Wie lassen sich interessante Unternehmen ausfindig machen? Welche Beurteilungskriterien gibt es?
Ingesamt haben wir in etwa 150 Werte ständig auf unserer Watchlist, hierunter befinden sich insbesondere Insolvenz- und Konkurswerte. Das Besondere beim Börsenmantelgeschäft ist, daß es kein Beurteilungsschema zur Bewertung von Börsenmänteln geben kann, da jede Gesellschaft stets ihre eigene Geschichte hat und in jeder Gesellschaft die ihr eigenen Probleme verborgen sind, die es zu finden und zu lösen gilt. Zudem kann man nicht davon ausgehen, daß die Beurteilung einer Gesellschaft auf dem Stand von heute auch morgen noch zutreffend ist. Parameter, die wir in diesem sehr zeitabhängigen Geschäft ständig überprüfen sind beispielsweise Börsenkurs und Liquidität der Aktie, Streubesitz, Abgabebereitschaft von Paketaktionären sowie in der Gesellschaft verborgene Risiken, steuerlicher, bilanzieller, rechtlicher oder personeller Natur.

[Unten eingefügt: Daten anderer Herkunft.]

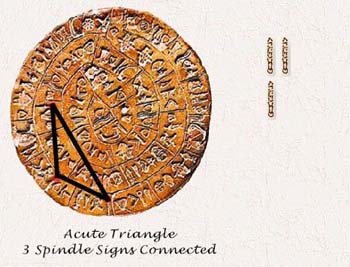 Acute Triangle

Nur wenn absolut sichergestellt werden kann, daß ein Mantel innerhalb eines überschaubaren Zeitrahmens einem neuen Zweck zugeführt und absolut blütenrein übergeben werden kann und der Einkaufspreis stimmt, wird dieser für uns interessant. Dies trifft bei Auswertung unserer Watchlist regelmäßig auf etwa zwei Dutzend Werte zu. Diese werden dann abermals nach ihrer Güte strukturiert, so daß gemessen am bisherigen Schnitt dieses Jahres in etwa fünf Mäntel pro Jahr parallel bearbeitet werden können.
Wie viele potentielle Mantelkandidaten gibt es auf dem deutschen Kurszettel und wie viele Marktteilnehmer tummeln sich in dem Segment?

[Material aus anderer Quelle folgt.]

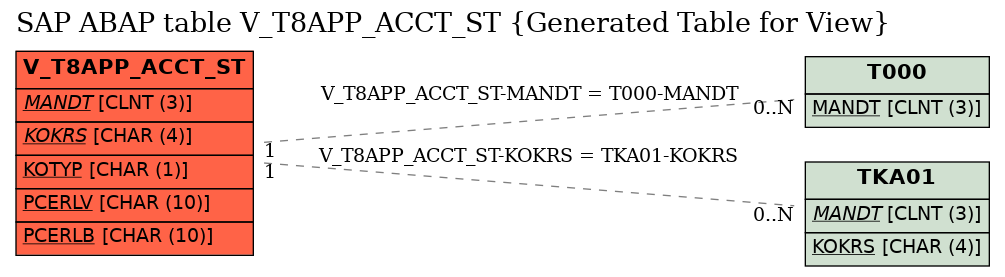 E-R Diagram for table V_T8APP_ACCT_ST (Generated Table for View)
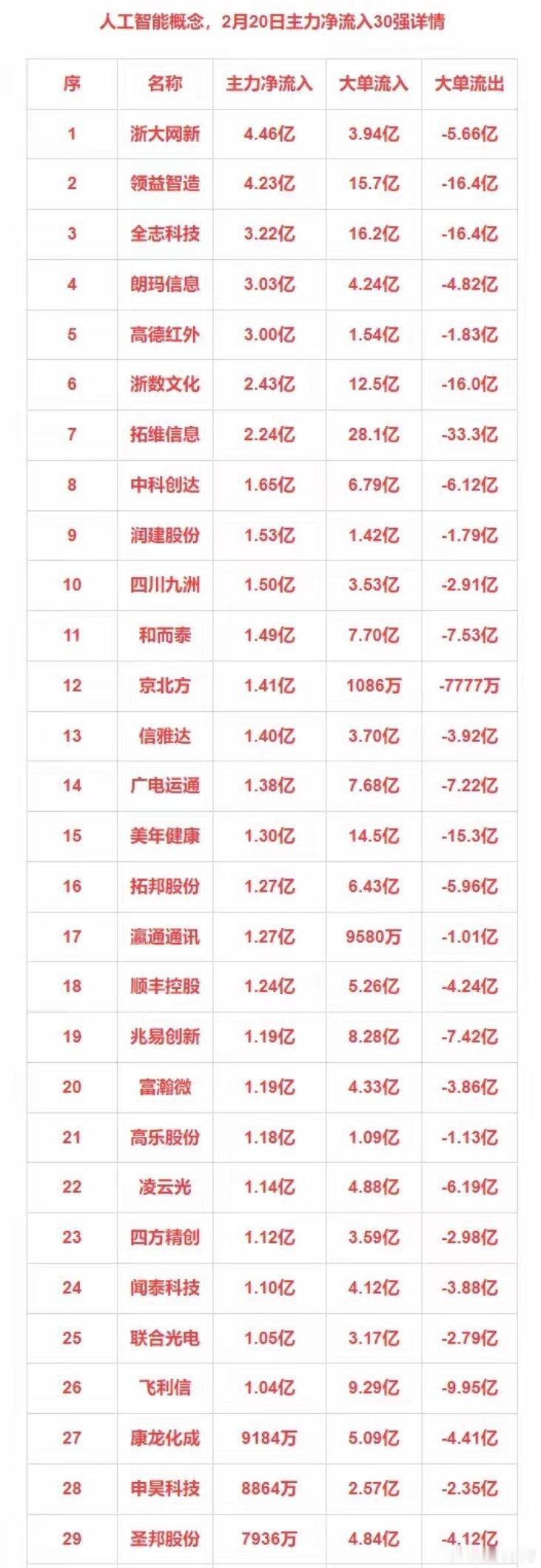 2月20日主力净流入30强：人工智能+CPO+工业母机+新能源车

Zur Zeit gibt es in etwa 150 potenzielle Börsenmantelkanditen.Als weitere Adresse mit profundem Wissen bezüglich des Börsenmantelgeschäfts ist neben der Carthago Capital Consulting AG noch die Allerthal Werke AG aus Köln zu nennen.
In diesem Jahr ist die Einbringung der Autowelt AG in den German Brokers AG i.K. gescheitert. Lassen sich auf diesem Fall allgemeine Lehren für die Mantelspekulation ableiten?

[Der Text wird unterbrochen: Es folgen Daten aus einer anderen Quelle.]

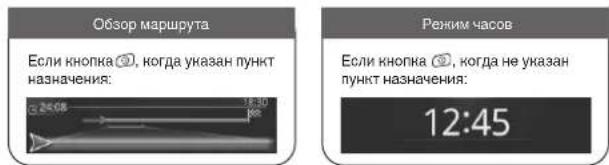PIONEER NavGate HeadUp SPXHUD01 - Положение - 2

Nein, da die Einbringung nicht am Börsenmantel an sich, sondern vielmehr an der Vorbereitung der Einbringung gescheitert ist.
Welche Beispiele für eine erfolgreiche und erfolglose Mantelspekulation fallen Ihnen ein?
Erfolglos war die bereits erwähnte Einbringung der Autowelt AG in die German Brokers AG. Erfolgreich verlief dagegen der von uns vermittelte Börsenmantel der Impera AG (vormals Füchsel & Wiegratz AG) nunmehr Impera Total Return AG (ISIN:
DE0005751309). Als weitere erfolgreiche Story's sind die Albis Leasing AG und die Arques Industries AG zu nennen.
Können Sie Namen interessanter Kandidaten nennen, bei denen eine Nutzung des Mantels denkbar wäre?
Die Carthago-Gruppe betreut derzeit beispielsweise den ehemaligen Neuer-Markt-Wert Sunburst Merchandising AG in Insolvenz (ISIN:
DE0007201501) und die insolvente Münchner Softwaregesellschaft Questos AG (ISIN:
DE0005412407). Beide Gesellschaften können nach Durchführung eines Insolvenzplans weitergeführt werden. Weitere Kandidaten können wir bedauerlicher Weise derzeit noch nicht veröffentlichen.